LISTED ENTRIES –
[Start of section]

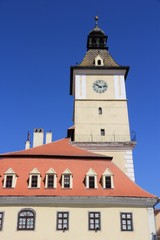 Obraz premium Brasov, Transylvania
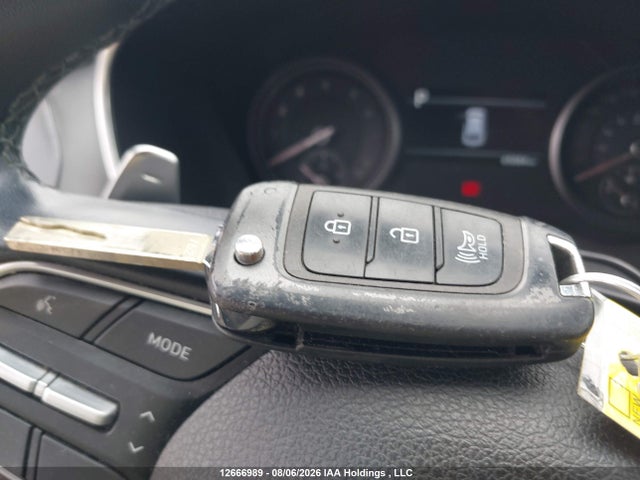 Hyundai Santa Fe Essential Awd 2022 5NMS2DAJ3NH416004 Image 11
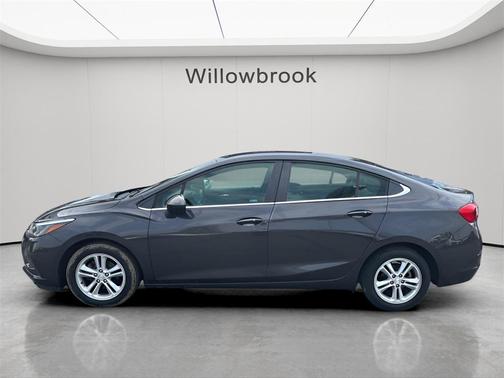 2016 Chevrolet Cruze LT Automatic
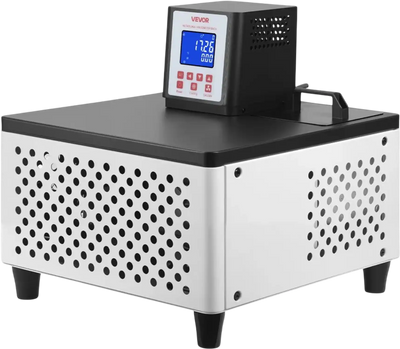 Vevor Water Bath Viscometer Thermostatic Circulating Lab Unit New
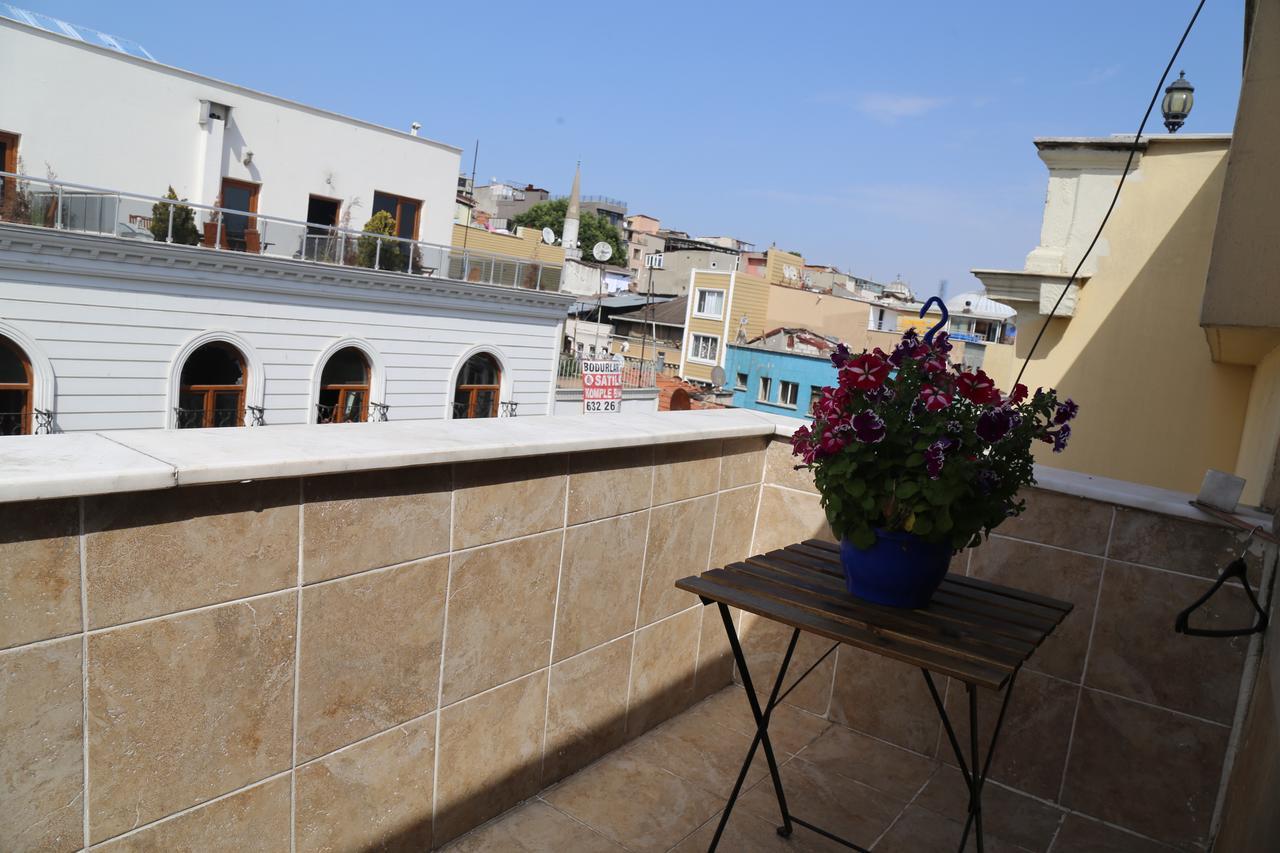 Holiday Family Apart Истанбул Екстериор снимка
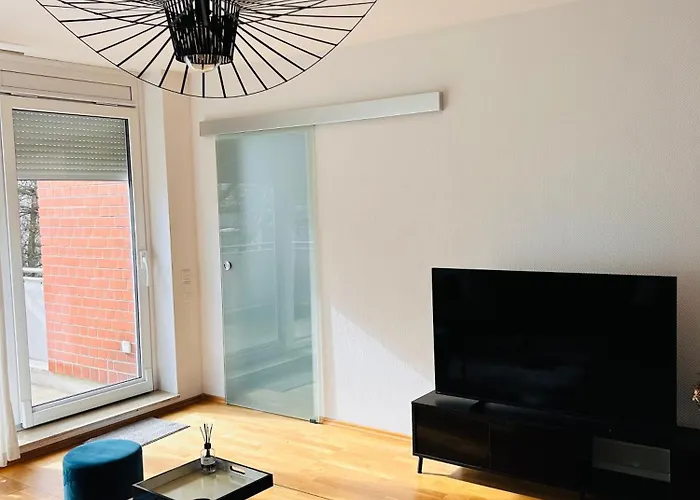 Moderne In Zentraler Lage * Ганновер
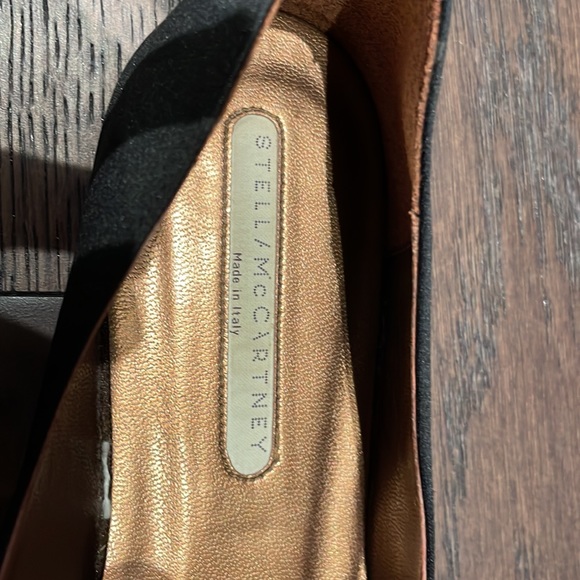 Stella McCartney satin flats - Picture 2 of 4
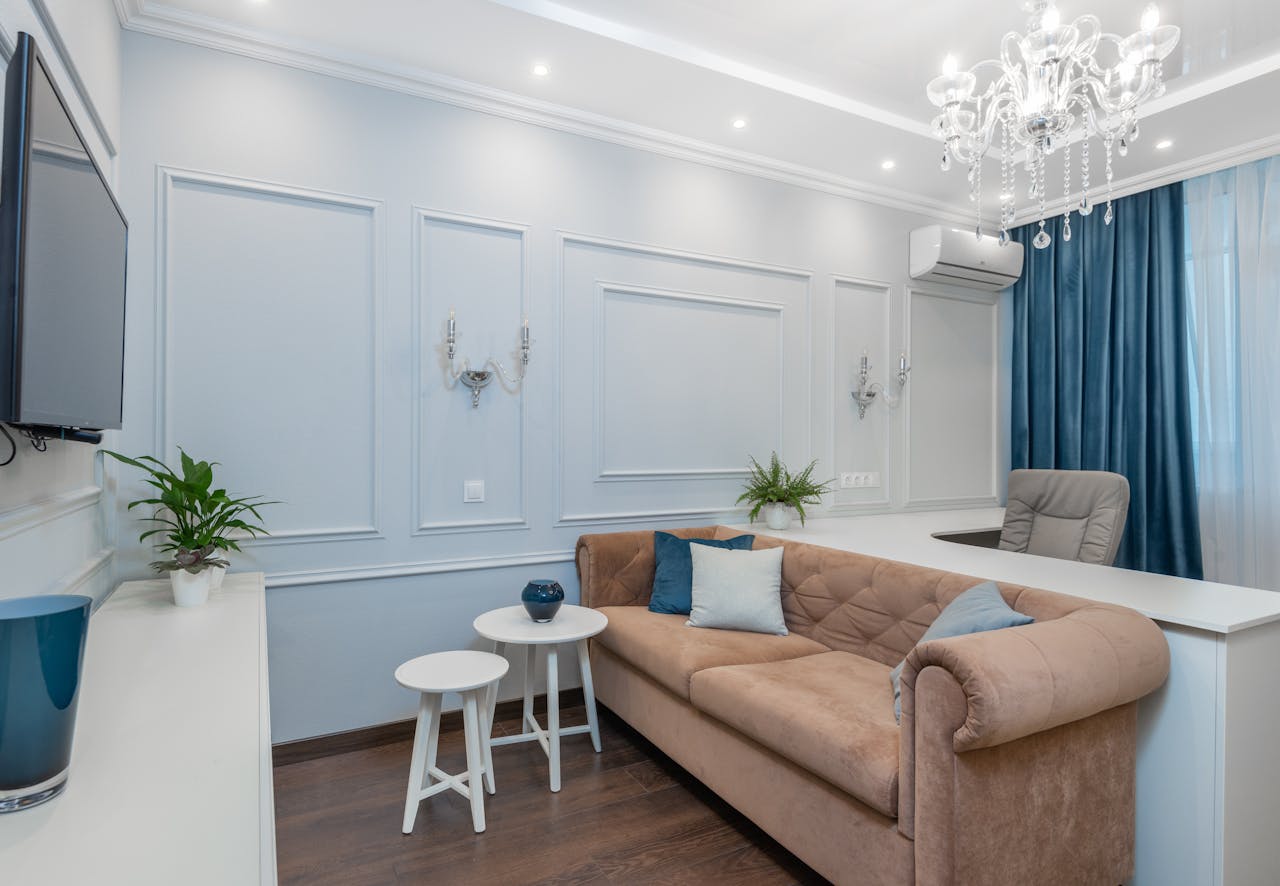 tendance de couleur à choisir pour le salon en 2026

[End of section]
[Start of section]

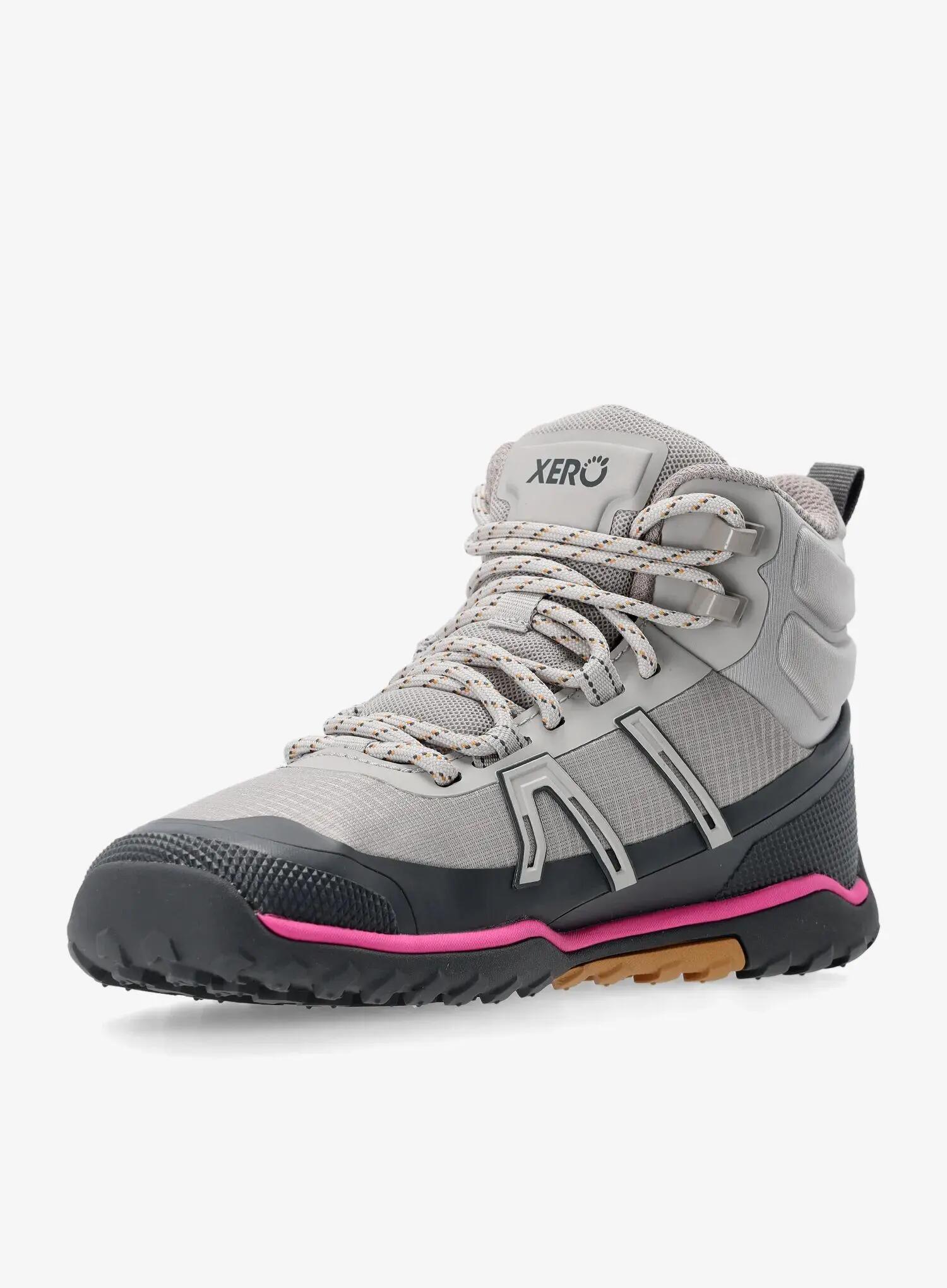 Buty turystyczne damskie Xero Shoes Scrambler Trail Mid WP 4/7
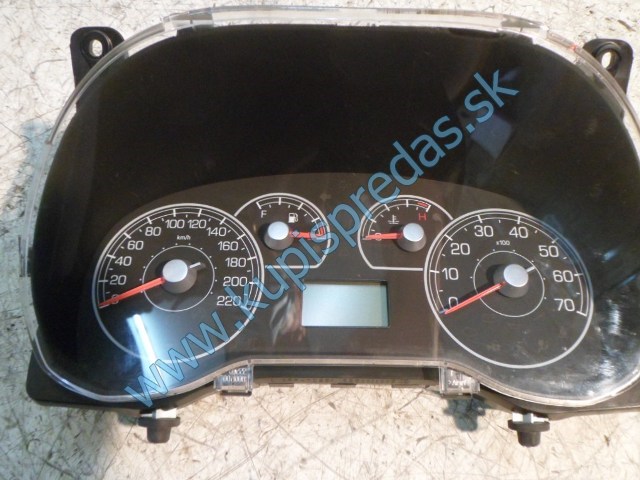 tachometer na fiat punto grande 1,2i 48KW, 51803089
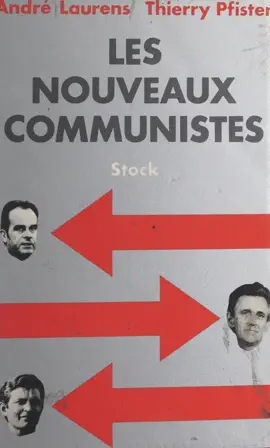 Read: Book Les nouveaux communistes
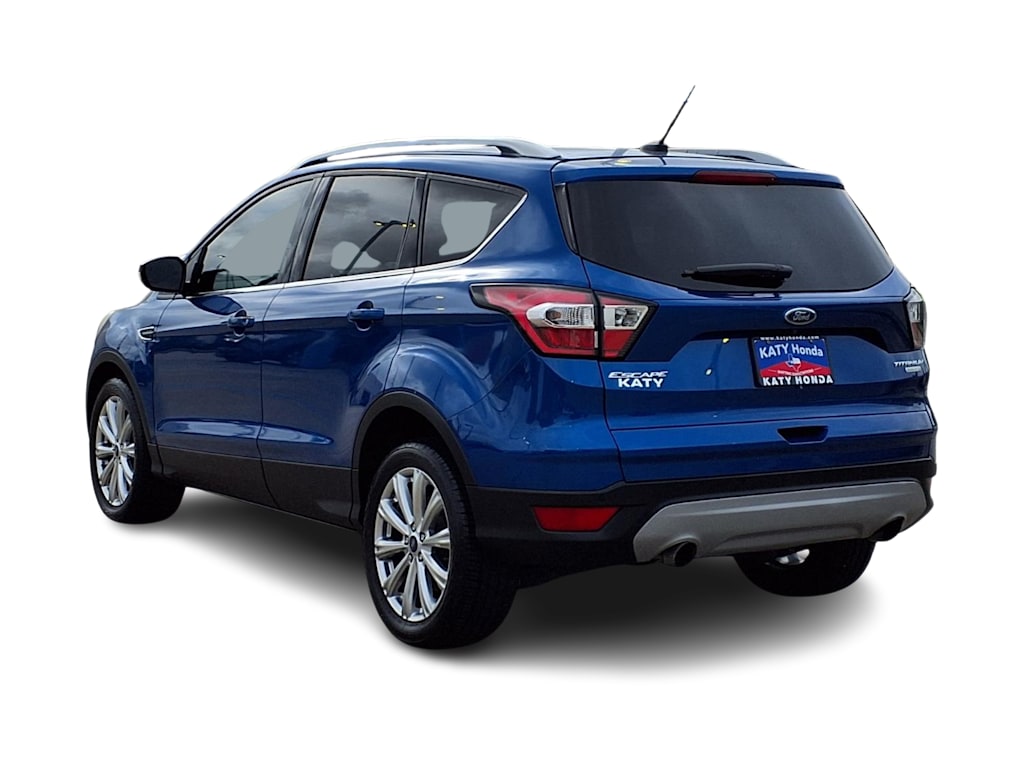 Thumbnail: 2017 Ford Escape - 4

[End of section]

WHAT IS EXPECTED – Every line above in the stretch from the one with "Obraz premium Brasov, Transylvania" through the one with "Stella McCartney satin" is to be transcribed exactly, ends included. No picture is copied.

RESPONSE TO THE TASK –
 Obraz premium Brasov, Transylvania
 Hyundai Santa Fe Essential Awd 2022 5NMS2DAJ3NH416004 Image 11
 2016 Chevrolet Cruze LT Automatic
 Vevor Water Bath Viscometer Thermostatic Circulating Lab Unit New
 Holiday Family Apart Истанбул Екстериор снимка
 Moderne In Zentraler Lage * Ганновер
 Stella McCartney satin flats - Picture 2 of 4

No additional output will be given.